Call for Papers
Catholic politics in Italy is slowly emerging from the shadow of Democrazia Cristiana, but its new configurations remain surprisingly understudied and undertheorized. Even as scholars debate whether the end of Christian Democracy means the end of religious politics in Italy, the Italian Catholic world has evolved in complex ways, producing new religious and political dynamics: the changing role of the Vatican and the changing configurations of Catholic elites and associations articulate extra-parliamentary Catholic politics in new ways; new Catholic communities and lay elites have recomposed the agents and the aims of the Catholic public sphere; and an enduring but increasingly plural Catholic electorate continues to be attracted by political agendas inspired by Catholic social doctrine and ethics. The impact and political potential of these evolving dynamics are unclear and appear to have left both scholars and practitioners without an articulated empirical, theoretical or normative grasp of contemporary Catholic politics in Italy.
Studies responding to this lack are invited for a published collection. Suggested themes include the following:
- Catholic elites’ political projects (e.g. the Todi initiative, the Monti-ACLI-Sant’Egidio alliance, CEI political strategies);
- The politics of Catholic lay movements and associations (e.g. Azione cattolica, Comunione e liberazione, Focolari, Sant’Egidio, Caritas, ACLI, CISL, Coldiretti);
- The evolution of Vatican political activity and church-state relations (e.g. Ratzinger and Francis, the CEI, constitutional and legal privileges)

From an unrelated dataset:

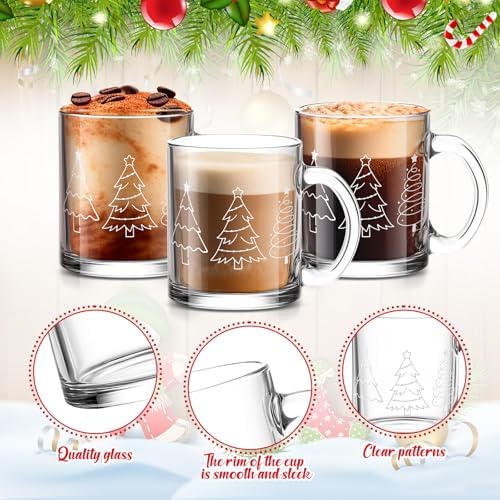 Maxcheck 6 Pack 12 oz Christmas Coffee Mugs Glass Cups - Image 3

- Patterns of contemporary Catholic religious belief and its electoral and social implications;
- Catholic political thought in Italy (e.g. the common good, solidarity, freedom, personhood, human nature, reason, rights, democracy);
- Catholic analyses of political issues (e.g. economic justice, immigration, education, abortion, euthanasia, other bioethical issues, the environment);
- Implications of political theory for contemporary Catholic politics in Italy, and vice versa (e.g. post-secularism, public reason, religious freedom);
- Comparisons with trends in religious politics elsewhere, particularly in Europe, the Middle East/North Africa and North America.

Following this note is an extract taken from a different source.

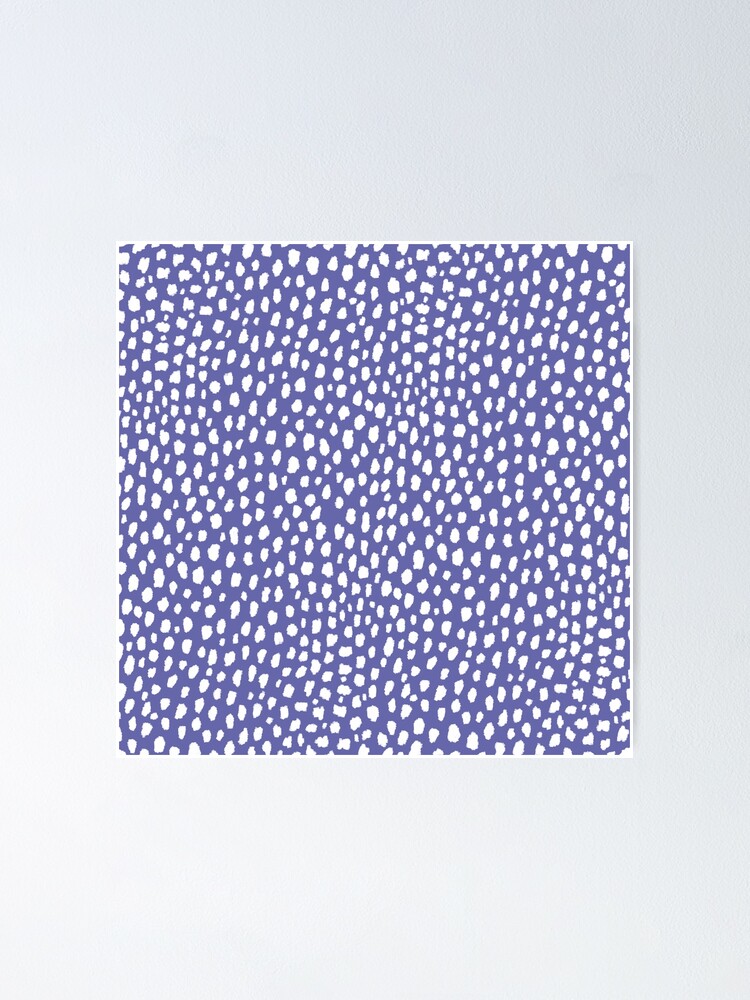 Handmade Polka Dot Paint Brush Pattern (White/Pantone Very Peri) Poster  for Sale by designminds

Abstracts of 500-1000 words should be submitted by December 10, 2014. Notice of acceptance will be provided by January 1, 2015. Final papers will be due by May 1, 2015.

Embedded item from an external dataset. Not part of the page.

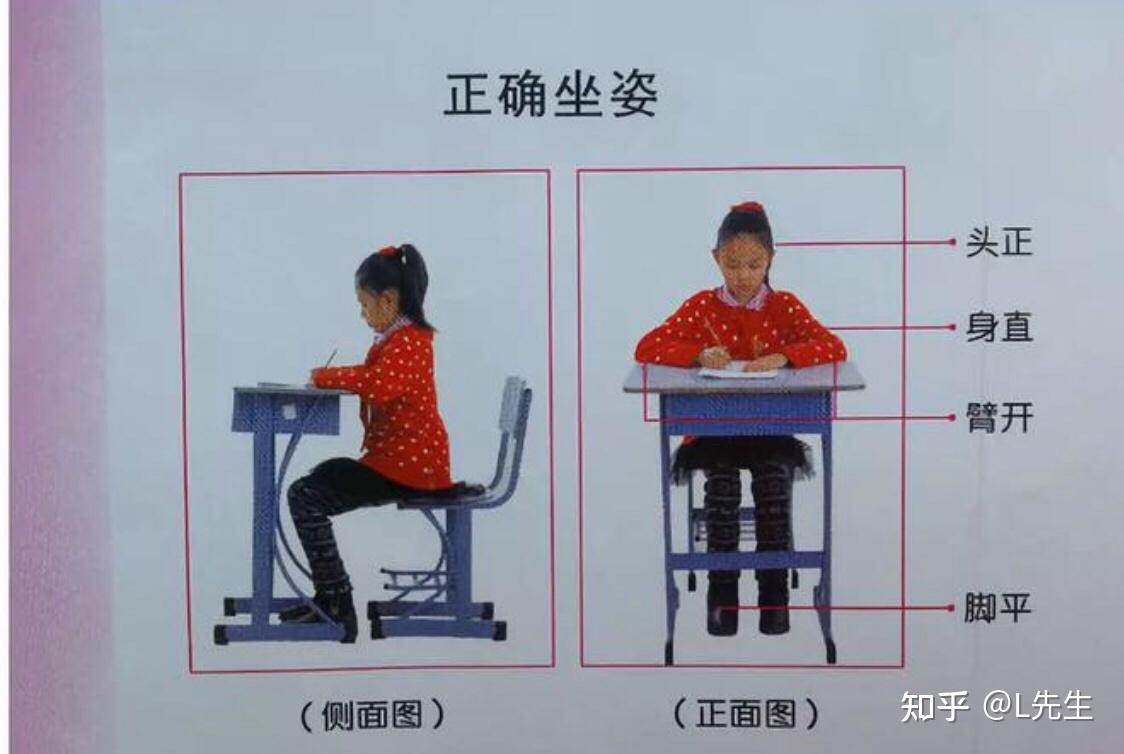 如何正确的纠正孩子的坐姿避免做作业眼睛太靠近书本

The collection will be edited by Tom Bailey and Michael Driessen. Tom Bailey (email@example.com) teaches philosophy and political theory at John Cabot University in Rome, and currently works on religion in contemporary liberal democratic theory. He has recently edited three collections in this field, Rawls and Religion (with V. Gentile, Columbia UP, 2014), Deprovincializing Habermas: Global Perspectives (Routledge, 2013), and Religion and the Limits of Liberalism (with V. Gentile, special issue of Philosophia, 2012). Michael Driessen (firstname.lastname@example.org; http://www.michaeldriessen.com) is Assistant Professor of Political Science and International Affairs at John Cabot University. His research focuses on public religions in the Mediterranean, and he has published Religion and Democratization: Framing Political and Religious Identities in Catholic and Muslim Societies (Oxford UP, 2014), as well as articles in Comparative Politics, Sociology of Religion, Politics and Religion, and Cosmopolis.